◆ **ABOUT THIS EXERCISE**: Give back all of the records exactly.
■ ■ ■ ■ ■
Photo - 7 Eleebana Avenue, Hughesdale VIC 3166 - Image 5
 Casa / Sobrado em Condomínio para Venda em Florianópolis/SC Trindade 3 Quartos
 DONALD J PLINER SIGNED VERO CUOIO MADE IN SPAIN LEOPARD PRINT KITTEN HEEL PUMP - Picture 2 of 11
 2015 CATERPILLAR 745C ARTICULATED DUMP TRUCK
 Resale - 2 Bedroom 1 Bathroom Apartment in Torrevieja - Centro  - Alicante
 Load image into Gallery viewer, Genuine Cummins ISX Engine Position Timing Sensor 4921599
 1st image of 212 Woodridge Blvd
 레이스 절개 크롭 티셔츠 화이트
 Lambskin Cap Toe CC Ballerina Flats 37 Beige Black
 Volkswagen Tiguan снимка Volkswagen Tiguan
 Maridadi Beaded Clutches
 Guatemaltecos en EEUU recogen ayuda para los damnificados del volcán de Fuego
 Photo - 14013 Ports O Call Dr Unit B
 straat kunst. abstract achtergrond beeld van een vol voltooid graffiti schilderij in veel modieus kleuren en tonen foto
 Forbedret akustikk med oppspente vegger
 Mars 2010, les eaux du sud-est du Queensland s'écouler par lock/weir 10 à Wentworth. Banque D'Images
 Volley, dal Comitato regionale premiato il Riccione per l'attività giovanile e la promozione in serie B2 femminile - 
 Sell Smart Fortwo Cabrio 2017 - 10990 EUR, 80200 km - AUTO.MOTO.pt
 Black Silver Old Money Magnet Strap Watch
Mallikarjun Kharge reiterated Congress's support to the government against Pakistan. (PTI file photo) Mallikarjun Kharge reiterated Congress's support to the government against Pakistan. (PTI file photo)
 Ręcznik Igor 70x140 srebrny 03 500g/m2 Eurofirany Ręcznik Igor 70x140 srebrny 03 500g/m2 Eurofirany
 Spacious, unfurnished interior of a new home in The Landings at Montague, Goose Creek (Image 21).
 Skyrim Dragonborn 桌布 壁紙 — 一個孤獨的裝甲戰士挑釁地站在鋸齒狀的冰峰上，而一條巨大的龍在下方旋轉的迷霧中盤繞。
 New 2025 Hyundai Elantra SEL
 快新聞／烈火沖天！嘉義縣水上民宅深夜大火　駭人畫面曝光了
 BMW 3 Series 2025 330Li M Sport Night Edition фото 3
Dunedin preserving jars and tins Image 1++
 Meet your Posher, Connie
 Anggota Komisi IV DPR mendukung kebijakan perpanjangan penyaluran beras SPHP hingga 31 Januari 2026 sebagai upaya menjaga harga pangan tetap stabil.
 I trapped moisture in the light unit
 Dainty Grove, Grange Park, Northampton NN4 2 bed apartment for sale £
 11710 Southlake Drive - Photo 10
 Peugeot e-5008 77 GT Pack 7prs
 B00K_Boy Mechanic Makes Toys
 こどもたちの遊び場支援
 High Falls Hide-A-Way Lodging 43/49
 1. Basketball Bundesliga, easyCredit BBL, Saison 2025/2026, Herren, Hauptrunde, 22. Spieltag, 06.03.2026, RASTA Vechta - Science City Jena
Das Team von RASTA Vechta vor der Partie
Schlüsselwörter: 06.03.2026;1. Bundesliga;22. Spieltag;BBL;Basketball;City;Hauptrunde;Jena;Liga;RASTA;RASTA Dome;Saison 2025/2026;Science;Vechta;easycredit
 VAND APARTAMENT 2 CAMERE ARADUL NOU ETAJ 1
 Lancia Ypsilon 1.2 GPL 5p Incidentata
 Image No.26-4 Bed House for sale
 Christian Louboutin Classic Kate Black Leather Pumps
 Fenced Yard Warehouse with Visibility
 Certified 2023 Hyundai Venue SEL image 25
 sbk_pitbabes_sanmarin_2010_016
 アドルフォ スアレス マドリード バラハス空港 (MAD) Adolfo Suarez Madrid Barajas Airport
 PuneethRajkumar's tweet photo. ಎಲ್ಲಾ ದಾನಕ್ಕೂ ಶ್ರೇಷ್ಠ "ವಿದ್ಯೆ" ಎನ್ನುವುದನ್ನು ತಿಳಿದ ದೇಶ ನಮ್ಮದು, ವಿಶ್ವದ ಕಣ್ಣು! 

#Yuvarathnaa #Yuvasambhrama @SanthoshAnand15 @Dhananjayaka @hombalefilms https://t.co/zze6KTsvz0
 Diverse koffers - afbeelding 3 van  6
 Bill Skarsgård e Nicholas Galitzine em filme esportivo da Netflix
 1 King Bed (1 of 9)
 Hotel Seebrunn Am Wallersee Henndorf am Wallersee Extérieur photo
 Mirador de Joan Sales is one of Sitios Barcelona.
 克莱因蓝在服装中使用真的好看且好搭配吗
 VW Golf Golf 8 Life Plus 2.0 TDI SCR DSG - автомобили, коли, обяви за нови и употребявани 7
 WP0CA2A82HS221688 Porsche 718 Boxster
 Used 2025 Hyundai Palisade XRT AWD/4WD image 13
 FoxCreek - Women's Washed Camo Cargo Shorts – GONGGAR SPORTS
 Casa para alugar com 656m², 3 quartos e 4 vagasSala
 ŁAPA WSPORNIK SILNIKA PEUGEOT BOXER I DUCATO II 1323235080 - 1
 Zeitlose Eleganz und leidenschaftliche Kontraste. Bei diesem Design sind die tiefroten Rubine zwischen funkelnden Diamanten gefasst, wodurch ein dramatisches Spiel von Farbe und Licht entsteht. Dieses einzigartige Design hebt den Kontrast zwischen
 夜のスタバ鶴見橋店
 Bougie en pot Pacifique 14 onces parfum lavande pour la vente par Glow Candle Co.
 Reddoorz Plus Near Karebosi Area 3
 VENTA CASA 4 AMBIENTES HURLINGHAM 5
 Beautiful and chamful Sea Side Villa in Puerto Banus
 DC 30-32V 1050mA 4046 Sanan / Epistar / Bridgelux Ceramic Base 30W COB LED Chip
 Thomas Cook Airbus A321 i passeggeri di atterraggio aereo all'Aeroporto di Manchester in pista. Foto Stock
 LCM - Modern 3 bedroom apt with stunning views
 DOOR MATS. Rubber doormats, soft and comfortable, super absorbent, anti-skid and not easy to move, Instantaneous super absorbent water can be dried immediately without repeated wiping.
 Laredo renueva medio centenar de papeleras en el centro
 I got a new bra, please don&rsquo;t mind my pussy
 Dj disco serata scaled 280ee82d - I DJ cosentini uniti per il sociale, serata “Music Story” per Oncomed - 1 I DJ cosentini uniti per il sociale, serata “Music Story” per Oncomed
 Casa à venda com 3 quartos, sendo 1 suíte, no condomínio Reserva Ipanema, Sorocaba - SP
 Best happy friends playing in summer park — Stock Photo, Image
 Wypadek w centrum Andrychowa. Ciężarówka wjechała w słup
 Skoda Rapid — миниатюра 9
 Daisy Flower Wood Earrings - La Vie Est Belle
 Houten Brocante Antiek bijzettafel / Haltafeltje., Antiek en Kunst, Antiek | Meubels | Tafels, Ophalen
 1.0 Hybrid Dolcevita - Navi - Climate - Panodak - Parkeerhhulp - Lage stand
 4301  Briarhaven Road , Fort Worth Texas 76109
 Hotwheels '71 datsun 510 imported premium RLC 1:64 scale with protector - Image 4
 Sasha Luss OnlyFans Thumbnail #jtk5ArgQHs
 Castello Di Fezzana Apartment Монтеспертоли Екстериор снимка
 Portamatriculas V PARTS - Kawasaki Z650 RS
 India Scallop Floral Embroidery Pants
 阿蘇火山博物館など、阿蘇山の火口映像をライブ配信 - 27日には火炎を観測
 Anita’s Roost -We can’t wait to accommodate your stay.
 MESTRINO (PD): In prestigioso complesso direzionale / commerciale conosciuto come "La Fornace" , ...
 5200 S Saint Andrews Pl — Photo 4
■ ■ ■ ■ ■
◆ **EXERCISE OUTPUT**:
Photo - 7 Eleebana Avenue, Hughesdale VIC 3166 - Image 5
 Casa / Sobrado em Condomínio para Venda em Florianópolis/SC Trindade 3 Quartos
 DONALD J PLINER SIGNED VERO CUOIO MADE IN SPAIN LEOPARD PRINT KITTEN HEEL PUMP - Picture 2 of 11
 2015 CATERPILLAR 745C ARTICULATED DUMP TRUCK
 Resale - 2 Bedroom 1 Bathroom Apartment in Torrevieja - Centro  - Alicante
 Load image into Gallery viewer, Genuine Cummins ISX Engine Position Timing Sensor 4921599
 1st image of 212 Woodridge Blvd
 레이스 절개 크롭 티셔츠 화이트
 Lambskin Cap Toe CC Ballerina Flats 37 Beige Black
 Volkswagen Tiguan снимка Volkswagen Tiguan
 Maridadi Beaded Clutches
 Guatemaltecos en EEUU recogen ayuda para los damnificados del volcán de Fuego
 Photo - 14013 Ports O Call Dr Unit B
 straat kunst. abstract achtergrond beeld van een vol voltooid graffiti schilderij in veel modieus kleuren en tonen foto
 Forbedret akustikk med oppspente vegger
 Mars 2010, les eaux du sud-est du Queensland s'écouler par lock/weir 10 à Wentworth. Banque D'Images
 Volley, dal Comitato regionale premiato il Riccione per l'attività giovanile e la promozione in serie B2 femminile - 
 Sell Smart Fortwo Cabrio 2017 - 10990 EUR, 80200 km - AUTO.MOTO.pt
 Black Silver Old Money Magnet Strap Watch
Mallikarjun Kharge reiterated Congress's support to the government against Pakistan. (PTI file photo) Mallikarjun Kharge reiterated Congress's support to the government against Pakistan. (PTI file photo)
 Ręcznik Igor 70x140 srebrny 03 500g/m2 Eurofirany Ręcznik Igor 70x140 srebrny 03 500g/m2 Eurofirany
 Spacious, unfurnished interior of a new home in The Landings at Montague, Goose Creek (Image 21).
 Skyrim Dragonborn 桌布 壁紙 — 一個孤獨的裝甲戰士挑釁地站在鋸齒狀的冰峰上，而一條巨大的龍在下方旋轉的迷霧中盤繞。
 New 2025 Hyundai Elantra SEL
 快新聞／烈火沖天！嘉義縣水上民宅深夜大火　駭人畫面曝光了
 BMW 3 Series 2025 330Li M Sport Night Edition фото 3
Dunedin preserving jars and tins Image 1++
 Meet your Posher, Connie
 Anggota Komisi IV DPR mendukung kebijakan perpanjangan penyaluran beras SPHP hingga 31 Januari 2026 sebagai upaya menjaga harga pangan tetap stabil.
 I trapped moisture in the light unit
 Dainty Grove, Grange Park, Northampton NN4 2 bed apartment for sale £
 11710 Southlake Drive - Photo 10
 Peugeot e-5008 77 GT Pack 7prs
 B00K_Boy Mechanic Makes Toys
 こどもたちの遊び場支援
 High Falls Hide-A-Way Lodging 43/49
 1. Basketball Bundesliga, easyCredit BBL, Saison 2025/2026, Herren, Hauptrunde, 22. Spieltag, 06.03.2026, RASTA Vechta - Science City Jena
Das Team von RASTA Vechta vor der Partie
Schlüsselwörter: 06.03.2026;1. Bundesliga;22. Spieltag;BBL;Basketball;City;Hauptrunde;Jena;Liga;RASTA;RASTA Dome;Saison 2025/2026;Science;Vechta;easycredit
 VAND APARTAMENT 2 CAMERE ARADUL NOU ETAJ 1
 Lancia Ypsilon 1.2 GPL 5p Incidentata
 Image No.26-4 Bed House for sale
 Christian Louboutin Classic Kate Black Leather Pumps
 Fenced Yard Warehouse with Visibility
 Certified 2023 Hyundai Venue SEL image 25
 sbk_pitbabes_sanmarin_2010_016
 アドルフォ スアレス マドリード バラハス空港 (MAD) Adolfo Suarez Madrid Barajas Airport
 PuneethRajkumar's tweet photo. ಎಲ್ಲಾ ದಾನಕ್ಕೂ ಶ್ರೇಷ್ಠ "ವಿದ್ಯೆ" ಎನ್ನುವುದನ್ನು ತಿಳಿದ ದೇಶ ನಮ್ಮದು, ವಿಶ್ವದ ಕಣ್ಣು! 

#Yuvarathnaa #Yuvasambhrama @SanthoshAnand15 @Dhananjayaka @hombalefilms https://t.co/zze6KTsvz0
 Diverse koffers - afbeelding 3 van  6
 Bill Skarsgård e Nicholas Galitzine em filme esportivo da Netflix
 1 King Bed (1 of 9)
 Hotel Seebrunn Am Wallersee Henndorf am Wallersee Extérieur photo
 Mirador de Joan Sales is one of Sitios Barcelona.
 克莱因蓝在服装中使用真的好看且好搭配吗
 VW Golf Golf 8 Life Plus 2.0 TDI SCR DSG - автомобили, коли, обяви за нови и употребявани 7
 WP0CA2A82HS221688 Porsche 718 Boxster
 Used 2025 Hyundai Palisade XRT AWD/4WD image 13
 FoxCreek - Women's Washed Camo Cargo Shorts – GONGGAR SPORTS
 Casa para alugar com 656m², 3 quartos e 4 vagasSala
 ŁAPA WSPORNIK SILNIKA PEUGEOT BOXER I DUCATO II 1323235080 - 1
 Zeitlose Eleganz und leidenschaftliche Kontraste. Bei diesem Design sind die tiefroten Rubine zwischen funkelnden Diamanten gefasst, wodurch ein dramatisches Spiel von Farbe und Licht entsteht. Dieses einzigartige Design hebt den Kontrast zwischen
 夜のスタバ鶴見橋店
 Bougie en pot Pacifique 14 onces parfum lavande pour la vente par Glow Candle Co.
 Reddoorz Plus Near Karebosi Area 3
 VENTA CASA 4 AMBIENTES HURLINGHAM 5
 Beautiful and chamful Sea Side Villa in Puerto Banus
 DC 30-32V 1050mA 4046 Sanan / Epistar / Bridgelux Ceramic Base 30W COB LED Chip
 Thomas Cook Airbus A321 i passeggeri di atterraggio aereo all'Aeroporto di Manchester in pista. Foto Stock
 LCM - Modern 3 bedroom apt with stunning views
 DOOR MATS. Rubber doormats, soft and comfortable, super absorbent, anti-skid and not easy to move, Instantaneous super absorbent water can be dried immediately without repeated wiping.
 Laredo renueva medio centenar de papeleras en el centro
 I got a new bra, please don&rsquo;t mind my pussy
 Dj disco serata scaled 280ee82d - I DJ cosentini uniti per il sociale, serata “Music Story” per Oncomed - 1 I DJ cosentini uniti per il sociale, serata “Music Story” per Oncomed
 Casa à venda com 3 quartos, sendo 1 suíte, no condomínio Reserva Ipanema, Sorocaba - SP
 Best happy friends playing in summer park — Stock Photo, Image
 Wypadek w centrum Andrychowa. Ciężarówka wjechała w słup
 Skoda Rapid — миниатюра 9
 Daisy Flower Wood Earrings - La Vie Est Belle
 Houten Brocante Antiek bijzettafel / Haltafeltje., Antiek en Kunst, Antiek | Meubels | Tafels, Ophalen
 1.0 Hybrid Dolcevita - Navi - Climate - Panodak - Parkeerhhulp - Lage stand
 4301  Briarhaven Road , Fort Worth Texas 76109
 Hotwheels '71 datsun 510 imported premium RLC 1:64 scale with protector - Image 4
 Sasha Luss OnlyFans Thumbnail #jtk5ArgQHs
 Castello Di Fezzana Apartment Монтеспертоли Екстериор снимка
 Portamatriculas V PARTS - Kawasaki Z650 RS
 India Scallop Floral Embroidery Pants
 阿蘇火山博物館など、阿蘇山の火口映像をライブ配信 - 27日には火炎を観測
 Anita’s Roost -We can’t wait to accommodate your stay.
 MESTRINO (PD): In prestigioso complesso direzionale / commerciale conosciuto come "La Fornace" , ...
 5200 S Saint Andrews Pl — Photo 4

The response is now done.